Another example comes from the automotive industry: 46% of autonomous vehicles early adopters would pay a premium of 20% and above over their current budget to manufacturers that can ensure vehicle and system data are safe from hackers. At the same time, 73% of consumers considers vehicle security as a barrier to the adoption of a self-driving vehicle.
By analyzing digital masters’ approaches and strategies, we can pick five key indicators that cybersecurity is a business enabler and a driver to the adoption of digital technology:
1) Define a comprehensive cybersecurity strategy
The cybersecurity strategy must be linked to the mission and strategic business objectives of the organization, with strong ties to the financial, customer, and internal perspectives. This is of paramount importance to explain the business impact of cyber threats to the top management and secure adequate funding to the cybersecurity program, which typically represent one of the major issues for CISOs, CIOs and CDOs.
2) Identify the real risks
Leading cyber risks requires a clear, complete and up-to-date visibility of the entire digital infrastructure stack and of business processes end-to-end.
It is important to keep in mind that risk management can become bottomless: it is therefore necessary to define what risks are higher than others and deserve more attention, budget and resources.
To this extent digital masters adopt threat modeling and cyber risk quantification methodologies that are incredibly useful to holistically evaluate cyber risk, assess the ROI of investing in specific capabilities and set the most urgent priorities in order to protect what matters. They also apply threat intelligence accurately, in order to know where the threat is most likely to hit, the profile of threat actors and the threat vectors they may exploit.
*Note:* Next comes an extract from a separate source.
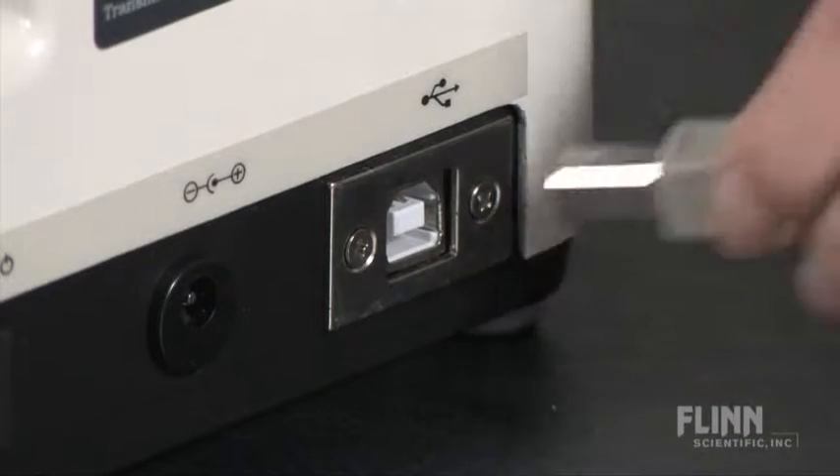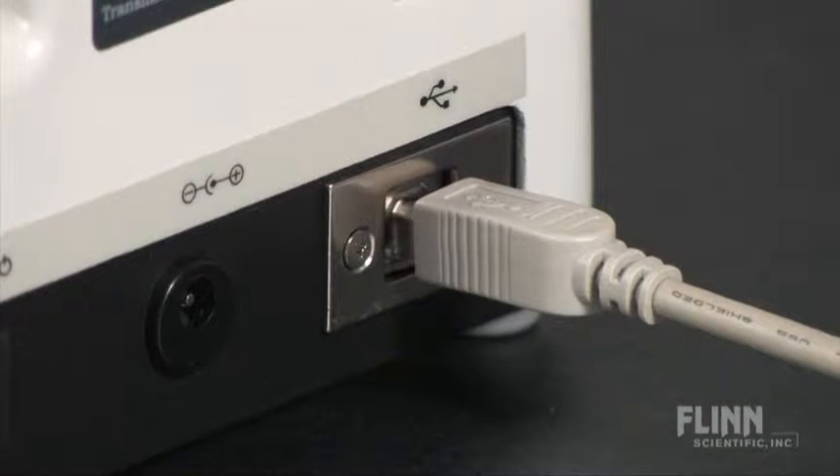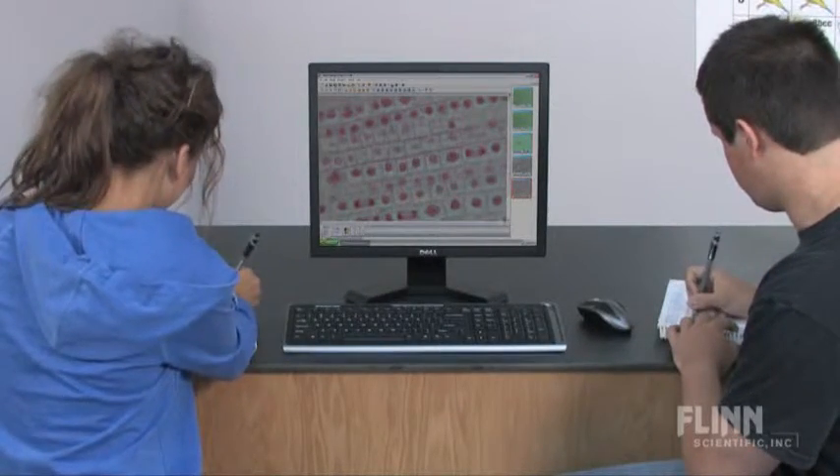Both scopes also use the versatile MODIC software platform to capture images and video when linked to a computer through a USB cable. Images and video can be shared so students can truly collaborate on their projects.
3) Secure the applications
Today, most of what matters to a business is delivered by applications. Customer experience, product enhancements, operational efficiency, employee satisfaction: the faster new applications are delivered, the faster the business is transformed.
The downside is that applications are also a major source of risk and vulnerability: they are targets for new exploits and attacks by cyber criminals. However, due to the pressure of new releases, security checks needed to manage applications and systems in depth are often incomplete, which leaves organizations open to attacks.
Cybersecurity must be embedded into any application and in the software development lifecycle, as well as in the supply chain: leveraging threat modelling, static and dynamic analysis and reverse engineering is an integral part of a secure by design development process, which can be also performed “as a Service” to save time and effort.
4) Invest wisely in people and technology
Cybersecurity service partners can provide organizations with access to a global network of Security Operations Centers for continuous protection, industry-specific and cross sector experience, highly skilled and dedicated teams, agility and scalability, cost-effective pricing and compliance: the result is a greater level of security, with improved competitiveness and no distraction from the core business.
5) Improve continuously
Adopting a Cyber Open Range, which is a physical and virtual environment where organizations can ensure a continuous improvement of their security teams, is crucial to be challenged with the latest and most sophisticated attacks on IT, OT and cloud infrastructures, test processes and security procedures and improve in readiness.
These are the key success factors of today’s digital champions, as well as the key capabilities and services that Capgemini is providing globally, leveraging on more than 4000 cybersecurity and managed services experts, a global network of connected SOCs, a proven expertise in IT, OT, IoT and cloud security, and a strong experience and knowledge of business processes in all sectors.